この獣医さんやその他の先達の活躍もあって、小鳥を診療する獣医さんも増えてきているようで、競争も激化してきたのだろうか、一昔前のように、診療室でわめいたり怒鳴ったり威張り散らしたりする、権柄症状を呈する獣医さんの話は聞かなくなってきている。しかし、診療室内で、個別種の飼育に関しての知見などたかが知れていることも自覚せず、偏頗な知識だけの机上の空論以外の何ものでもない科学的合理性も怪しい独自の飼育法を、上から『指導』するのは(アドバイスのつもりでも、初心者は絶対的に正しい飼育方法の指導と受け取る。実際は、獣医さんによって言うことはバラバラだが、その事実は初心者は知らない)、有害なのでやめていただきたい。どうしても行いたければ、公開して世に問うなり(昔、セキセイインコの不思議な飼育本を書いた鳥専門獣医さんがいた【参照】)、少なくとも、仲間内の獣医さんたちとの間くらいでは、コンセンサスを得た上でお願いしたいものである。臨床医の研究会は臨床技術を磨くもので、他のことはまったく無用だと思うが、飼育指導などと称し、個々で違った意見、それも常識はずれの奇抜なものを振り回されては、飼い主ははなはだしく迷惑し、余計なことに思い煩うことになってしまう。もちろん、青菜を取り上げられた鳥の健康も心配される。

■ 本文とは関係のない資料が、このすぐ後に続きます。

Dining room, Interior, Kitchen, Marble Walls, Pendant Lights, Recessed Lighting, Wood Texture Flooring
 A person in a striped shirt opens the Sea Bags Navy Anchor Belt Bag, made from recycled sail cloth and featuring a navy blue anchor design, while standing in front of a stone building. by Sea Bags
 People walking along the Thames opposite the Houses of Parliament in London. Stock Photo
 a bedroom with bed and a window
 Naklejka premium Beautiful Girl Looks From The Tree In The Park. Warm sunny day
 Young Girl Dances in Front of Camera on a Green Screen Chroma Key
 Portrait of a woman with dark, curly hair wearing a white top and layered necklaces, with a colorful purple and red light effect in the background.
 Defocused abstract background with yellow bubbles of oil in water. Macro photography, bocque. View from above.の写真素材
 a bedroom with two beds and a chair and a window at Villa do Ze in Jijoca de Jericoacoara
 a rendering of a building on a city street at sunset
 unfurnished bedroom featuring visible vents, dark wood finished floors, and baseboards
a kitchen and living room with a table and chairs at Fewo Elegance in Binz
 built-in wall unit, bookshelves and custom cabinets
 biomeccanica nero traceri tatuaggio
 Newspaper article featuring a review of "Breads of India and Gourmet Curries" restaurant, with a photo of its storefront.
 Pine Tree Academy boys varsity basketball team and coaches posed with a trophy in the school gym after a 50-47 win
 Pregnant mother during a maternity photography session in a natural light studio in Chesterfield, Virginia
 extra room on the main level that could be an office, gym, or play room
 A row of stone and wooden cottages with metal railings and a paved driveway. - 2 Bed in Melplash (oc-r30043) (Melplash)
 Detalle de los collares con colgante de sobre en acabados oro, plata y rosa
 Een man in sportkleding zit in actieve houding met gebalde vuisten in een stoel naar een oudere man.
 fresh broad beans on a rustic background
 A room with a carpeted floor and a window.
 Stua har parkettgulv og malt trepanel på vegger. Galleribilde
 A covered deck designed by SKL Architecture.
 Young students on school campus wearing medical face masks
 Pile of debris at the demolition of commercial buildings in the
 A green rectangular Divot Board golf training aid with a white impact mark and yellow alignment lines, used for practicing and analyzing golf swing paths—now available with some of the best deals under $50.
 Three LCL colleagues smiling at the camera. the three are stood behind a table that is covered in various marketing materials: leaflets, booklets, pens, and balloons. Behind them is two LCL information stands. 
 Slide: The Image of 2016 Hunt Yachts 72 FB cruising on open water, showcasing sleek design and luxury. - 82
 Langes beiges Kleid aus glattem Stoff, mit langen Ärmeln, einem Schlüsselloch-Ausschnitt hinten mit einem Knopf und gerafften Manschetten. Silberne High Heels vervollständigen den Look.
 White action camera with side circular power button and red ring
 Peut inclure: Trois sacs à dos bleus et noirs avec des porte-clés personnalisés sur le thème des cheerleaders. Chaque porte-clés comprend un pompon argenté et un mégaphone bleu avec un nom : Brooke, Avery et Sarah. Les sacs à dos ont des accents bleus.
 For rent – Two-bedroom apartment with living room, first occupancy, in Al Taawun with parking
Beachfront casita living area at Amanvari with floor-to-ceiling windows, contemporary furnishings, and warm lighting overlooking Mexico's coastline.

治療の一環として、基礎を逸脱した常識外の飼育指導を行いたいのなら、せめて臨床医の研究会名で一定の統一見解なりガイドラインをお作りにならないと、かえって信用を落とす結果になると思う。密室での無駄口、軽はずみな理屈を自重されるか、より積極的に密室の外での議論を深めていただきたい。